→ **EXERCISE DATA**
◇ ◇ ◇ ◇

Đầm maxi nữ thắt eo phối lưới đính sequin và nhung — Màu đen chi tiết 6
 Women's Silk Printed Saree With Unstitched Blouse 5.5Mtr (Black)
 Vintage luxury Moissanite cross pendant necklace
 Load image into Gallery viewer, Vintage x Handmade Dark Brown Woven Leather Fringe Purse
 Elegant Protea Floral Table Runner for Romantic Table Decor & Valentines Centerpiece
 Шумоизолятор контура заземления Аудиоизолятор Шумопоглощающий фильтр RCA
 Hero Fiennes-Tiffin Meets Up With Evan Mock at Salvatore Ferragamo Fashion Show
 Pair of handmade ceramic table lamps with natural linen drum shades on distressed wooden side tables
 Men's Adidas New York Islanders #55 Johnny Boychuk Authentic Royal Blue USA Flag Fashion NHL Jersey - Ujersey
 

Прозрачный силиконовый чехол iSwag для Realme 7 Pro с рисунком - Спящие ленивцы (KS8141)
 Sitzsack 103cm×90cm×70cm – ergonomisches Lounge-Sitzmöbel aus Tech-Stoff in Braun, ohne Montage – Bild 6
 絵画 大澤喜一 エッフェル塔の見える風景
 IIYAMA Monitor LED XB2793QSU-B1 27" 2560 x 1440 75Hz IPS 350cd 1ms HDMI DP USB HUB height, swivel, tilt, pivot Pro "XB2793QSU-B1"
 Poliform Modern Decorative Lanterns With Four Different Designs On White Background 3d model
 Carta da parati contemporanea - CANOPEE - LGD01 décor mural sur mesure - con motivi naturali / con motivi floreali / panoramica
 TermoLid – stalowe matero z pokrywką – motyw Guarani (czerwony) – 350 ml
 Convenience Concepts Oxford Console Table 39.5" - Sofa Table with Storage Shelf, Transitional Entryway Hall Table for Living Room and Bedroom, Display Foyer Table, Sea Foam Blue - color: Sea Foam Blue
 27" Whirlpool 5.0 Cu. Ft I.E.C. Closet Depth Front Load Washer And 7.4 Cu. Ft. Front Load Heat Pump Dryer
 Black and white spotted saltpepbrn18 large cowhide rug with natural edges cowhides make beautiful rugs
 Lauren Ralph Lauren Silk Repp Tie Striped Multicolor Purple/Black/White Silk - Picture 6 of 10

◇ ◇ ◇ ◇

→ **WHAT YOU NEED TO DO**
Reproduce, with no other lines, the run of lines that begins with the one containing "Heat Pump Dryer" and ends with the last line of the material.

→ **SOLUTION TO THE EXERCISE**
 27" Whirlpool 5.0 Cu. Ft I.E.C. Closet Depth Front Load Washer And 7.4 Cu. Ft. Front Load Heat Pump Dryer
 Black and white spotted saltpepbrn18 large cowhide rug with natural edges cowhides make beautiful rugs
 Lauren Ralph Lauren Silk Repp Tie Striped Multicolor Purple/Black/White Silk - Picture 6 of 10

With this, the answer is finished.